[Extracted data entries]
##############################

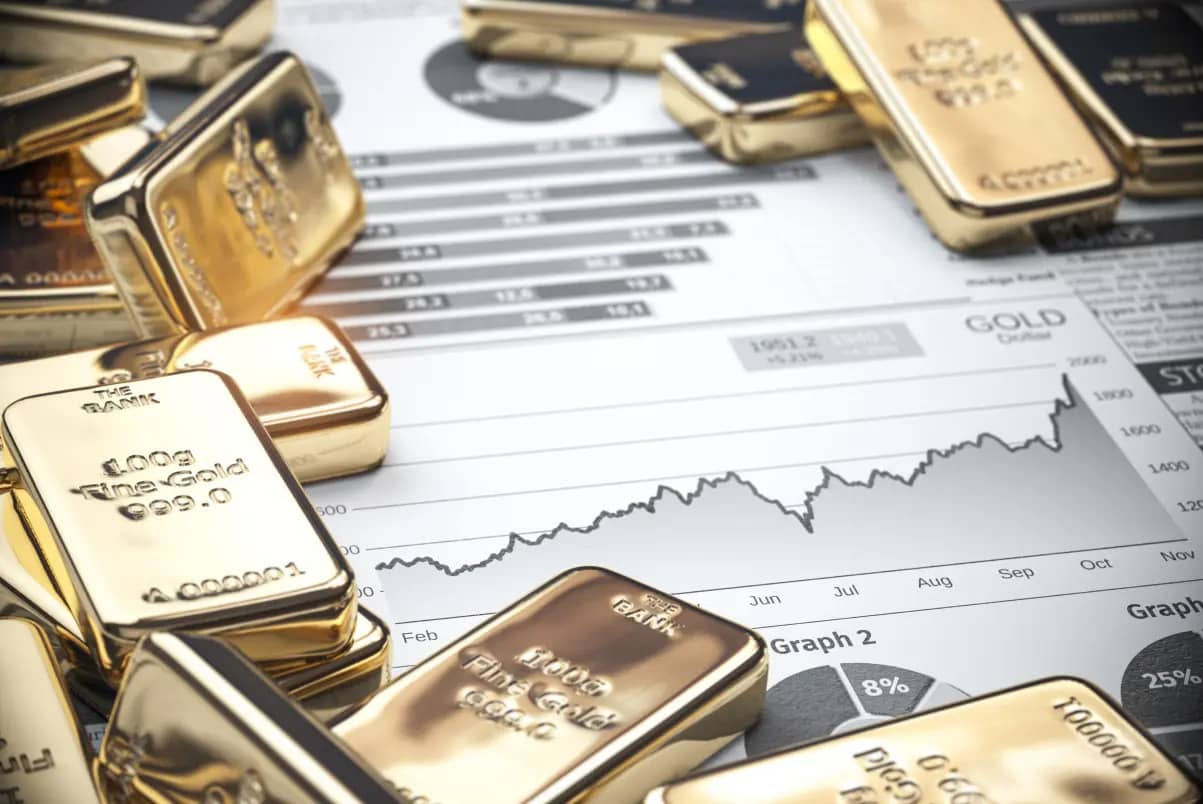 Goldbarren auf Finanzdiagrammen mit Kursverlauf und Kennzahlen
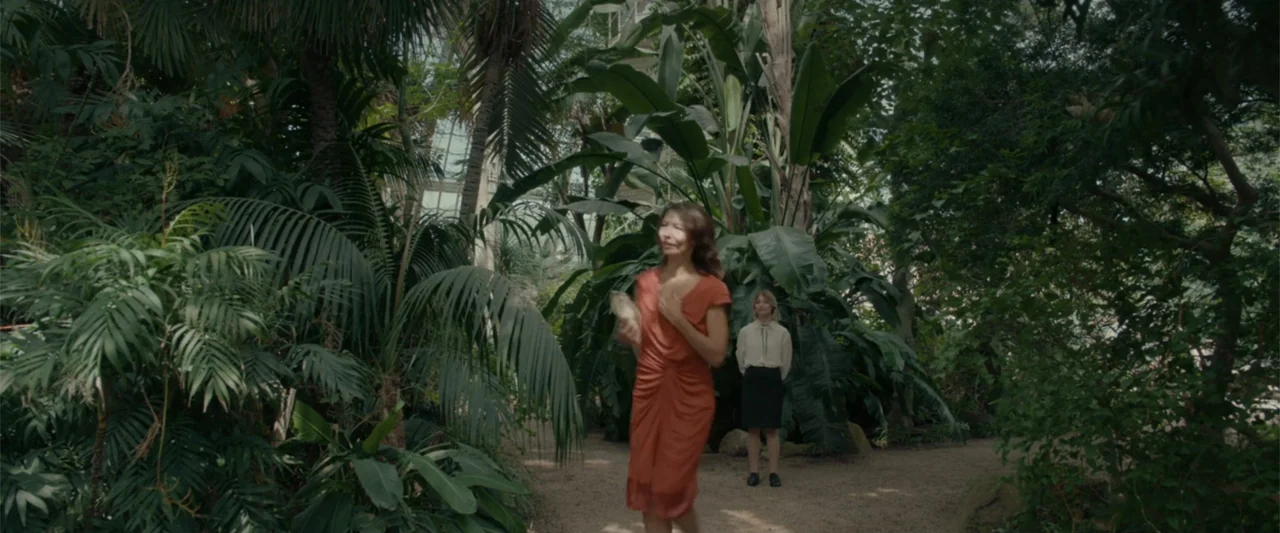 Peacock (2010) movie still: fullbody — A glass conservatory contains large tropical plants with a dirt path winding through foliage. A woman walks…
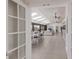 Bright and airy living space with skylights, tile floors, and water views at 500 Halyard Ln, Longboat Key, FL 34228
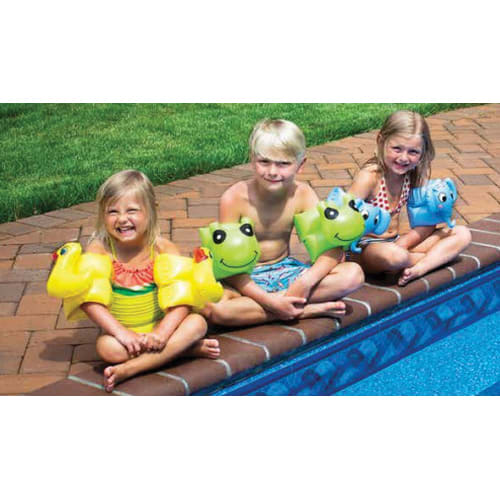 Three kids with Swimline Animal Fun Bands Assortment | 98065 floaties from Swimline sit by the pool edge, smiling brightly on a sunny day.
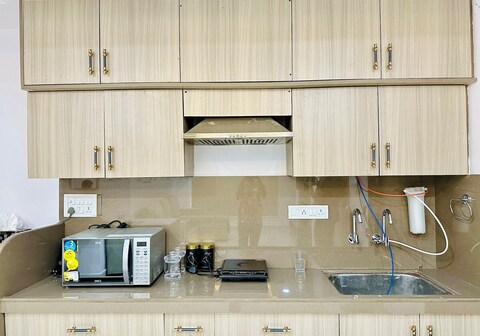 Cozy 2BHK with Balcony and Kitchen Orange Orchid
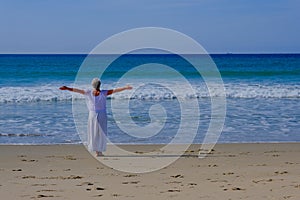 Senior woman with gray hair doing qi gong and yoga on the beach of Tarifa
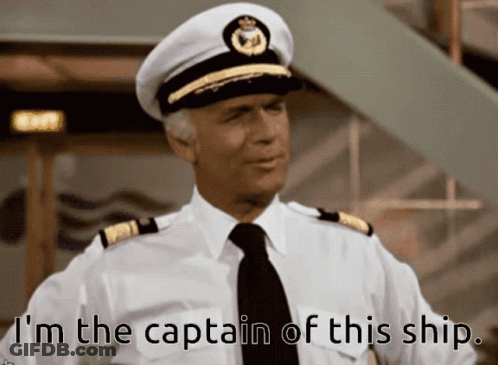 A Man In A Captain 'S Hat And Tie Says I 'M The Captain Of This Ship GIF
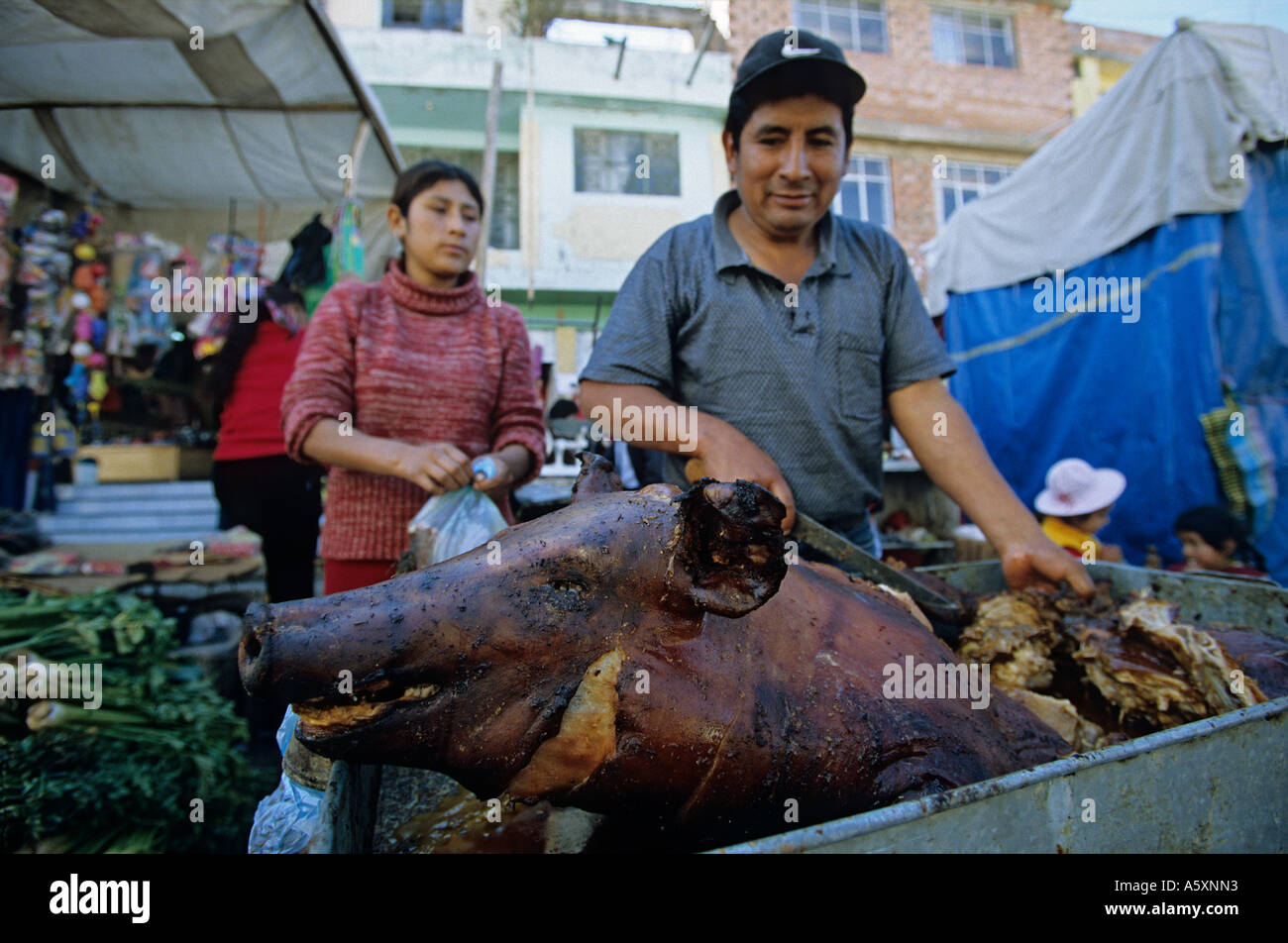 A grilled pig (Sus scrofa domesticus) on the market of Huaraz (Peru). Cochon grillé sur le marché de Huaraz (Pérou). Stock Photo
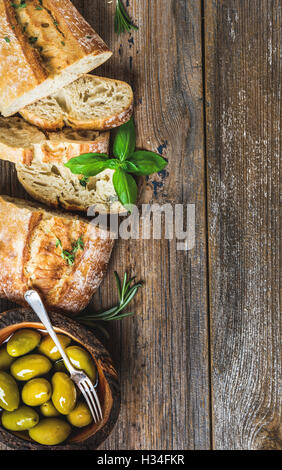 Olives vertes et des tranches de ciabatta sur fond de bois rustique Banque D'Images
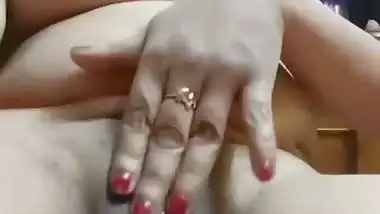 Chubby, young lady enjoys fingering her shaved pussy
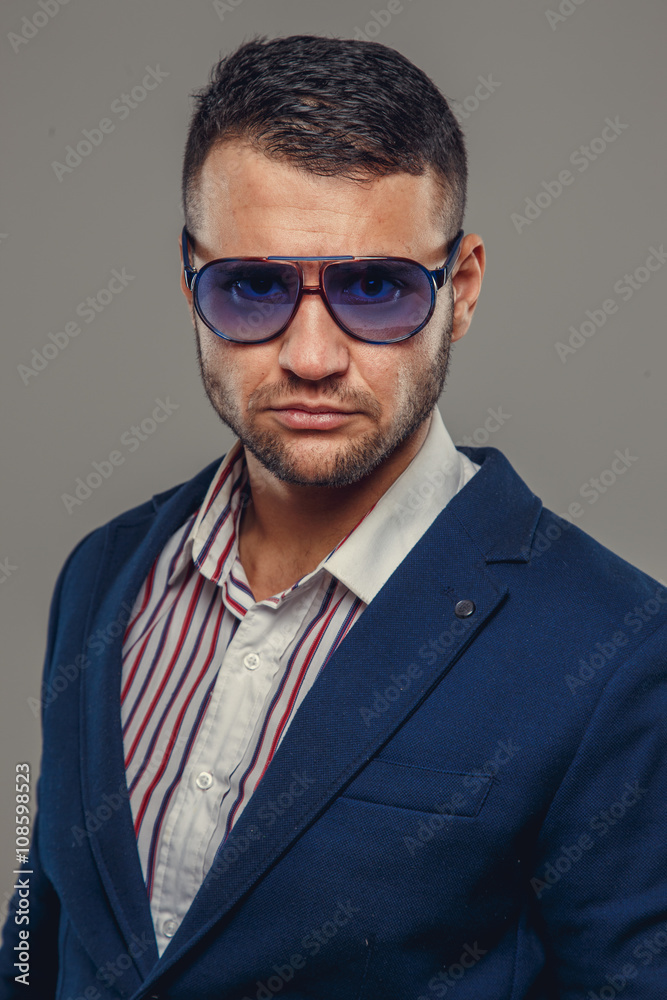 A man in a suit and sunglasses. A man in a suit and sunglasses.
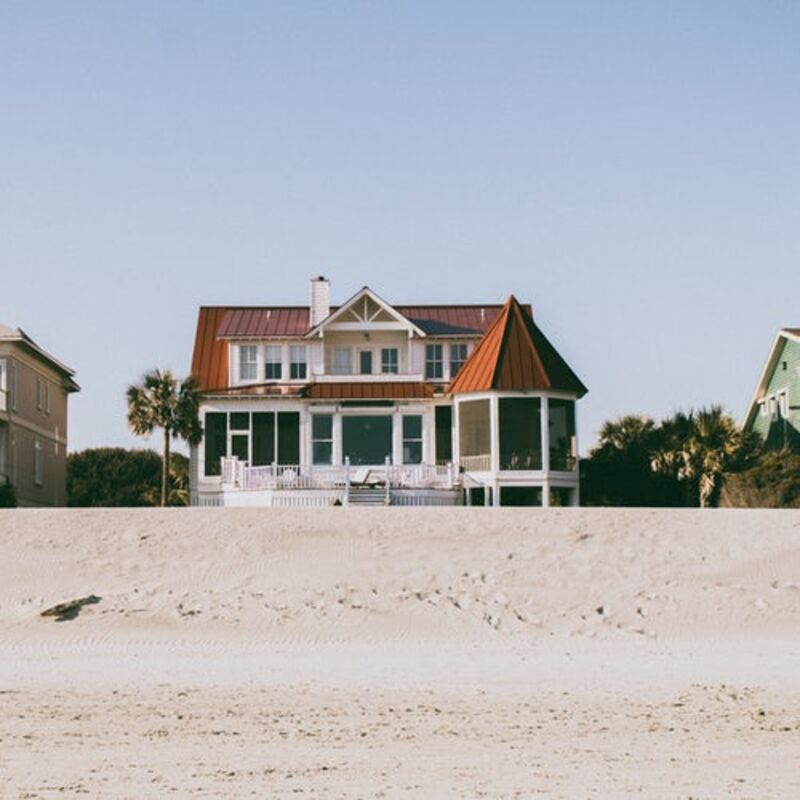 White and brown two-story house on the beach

##############################

* _EXERCISE DETAILS_
Please transcribe exactly the line containing "A man in a suit and sunglasses. A" and every later line through the end of the records above, omitting pictures.

* _RESPONSE AREA_
 A man in a suit and sunglasses. A man in a suit and sunglasses.
 White and brown two-story house on the beach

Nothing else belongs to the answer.